Metadata Structure / Design Issues

Question

Post reply

Metadata Structure / Design Issues

A-251099

SSC Veteran

Points: 256
More actions
October 30, 2007 at 6:22 pm

#376606

Hi People,
I have been developing an application that needs to store 30 fields of meta data against each item on the system. The end users are able to customize the field names on a customer by customer basis. I’ve tried a couple mock designs and haven't been able to get any decent performance out of either of the two solutions I've tried. I would be really interested to see what others have some up and any suggestion for a design that might work.
I have five key tables relating to the metadata design the book table contains 2.1 million rows this is the primary table of the application this table require each item can have metadata stored against it (not every single book does):
BookStatus
|
Book -> BookType -> BookTypeGroup
|
Customer
most of the time the user will only be allowed to search against one metadata column with displaying a maximum of 5 columns in results.
Unfortunately I've had little feedback in the terms of how much data is expected to be put in the metadata table.

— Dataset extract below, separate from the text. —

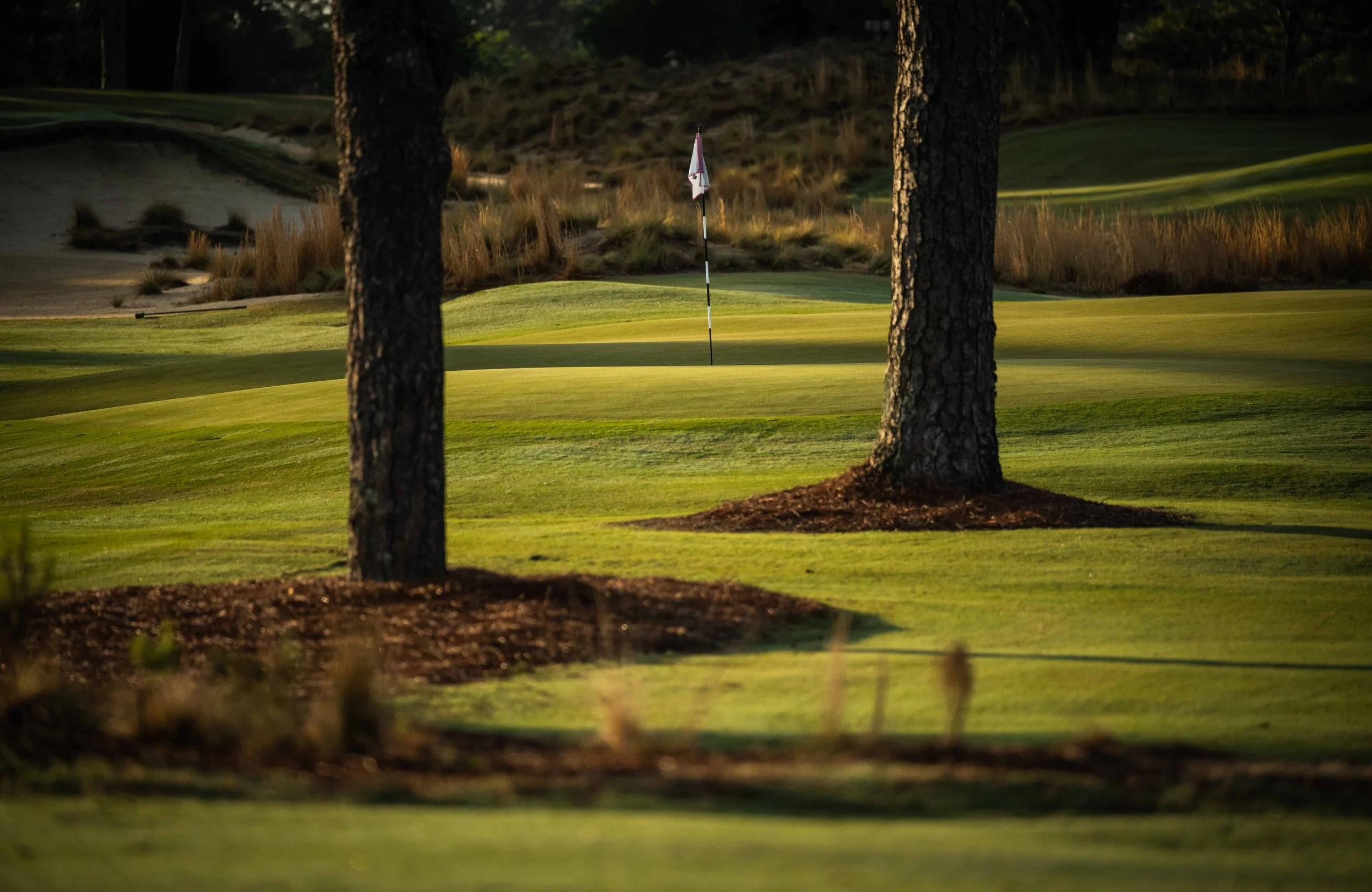 Pinehurst The Cradle - 4-2022-4775.jpg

It maybe those users don’t store metadata against every item,
but I am assuming worse case scenario that every item will have meta data against it.
The two solutions I have tried so far:
Created a table with 30 varchar(100) columns named meta1, meta2, meta3 ... meta28, meta29, meta30
I then bulk load all 30 fields with random length data to simulate having all the meta data.
the Query would be:
SELECT TOP 25
[Dev].[dbo].[Book].[Id],
[Dev].[dbo].[Book].[Code],
[Dev].[dbo].[Book].[AltCode],
[Dev].[dbo].[BookType].[Code] AS [Type],
[Dev].[dbo].[BookMetadata].[MetaColumn1],
[Dev].[dbo].[BookMetadata].[MetaColumn2],
[Dev].[dbo].[BookMetadata].[MetaColumn3],
[Dev].[dbo].[BookMetadata].[MetaColumn4],
[Dev].[dbo].[BookStatus].[Status]
FROM [Dev].[dbo].[BookMetadata]
INNER JOIN [Dev].[dbo].[Book] ON [Dev].[dbo].[BookMetadata].[BookId]=[Dev].[dbo].[Book].[Id] AND [Dev].[dbo].[Book].[CustomerId] = 512
INNER JOIN [Dev].[dbo].[BookStatus] ON [Dev].[dbo].[BookStatus].[Id]=[Dev].[dbo].[Book].[BookStatusId]
INNER JOIN [Dev].[dbo].[BookType] ON [Dev].[dbo].[Book].[BookTypeId]=[Dev].[dbo].[BookCharge].[Id] AND [Dev].[dbo].[BookCharge].[BookGroupId] = 1
WHERE[Dev].[dbo].[BookMetadata].[MetaColumn28] LIKE '%g%'
This performs relatively slowly in most cases (1.02 - 0.50 seconds) but better than my second option 😉
Second option I tried was creating a table with a single meta data column to store each metadata value in its own row:
Id | MetaData | ColumnOrder
SELECT TOP 25
[Dev].[dbo].[Book].[Id],
[Dev].[dbo].[Book].[Code],
[Dev].[dbo].[Book].[AltCode],
[Dev].[dbo].[BookType].[Code] AS [Type],
[Dev].[dbo].[BookMetadataView].[MetaColumn1],
[Dev].[dbo].[BookMetadataView].[MetaColumn2],
[Dev].[dbo].[BookMetadataView].[MetaColumn3],
[Dev].[dbo].[BookMetadataView].[MetaColumn4],
[Dev].[dbo].[BookStatus].[Status]
FROM [Dev].[dbo].[BookMetadataView]
INNER JOIN [Dev].[dbo].[Book] ON [Dev].[dbo].[BookMetadataView].[BookId]=[Dev].[dbo].[Book].[Id] AND [Dev].[dbo].[Book].[CustomerId] = 512
INNER JOIN [Dev].[dbo].[BookStatus] ON [Dev].[dbo].[BookStatus].[Id]=[Dev].[dbo].[Book].[BookStatusId]
INNER JOIN [Dev].[dbo].[BookType] ON [Dev].[dbo].[Book].[BookTypeId]=[Dev].[dbo].[BookCharge].[Id] AND [Dev].[dbo].[BookCharge].[BookGroupId] = 1
WHERE[Dev].[dbo].[BookMetadataView].[MetaColumn28] LIKE '%g%'
Then created a view to pivot the metadata into columns so it could be joined on. This worked well until a lot of metadata was imported.
Then it failed badly as you could imagine 2.1 million rows X 30 rows.
This frequently took up to 8 minutes.
I have analyzed both solutions in query analyzer and created relevant indexes.
So I'm a tad stuck, anyone have any ideas or faced something similar? or have I done something stupid? 🙂
If you need more info im happy to provide it.
Thanks!

Viewing 15 posts - 1 through 15 (of 17 total)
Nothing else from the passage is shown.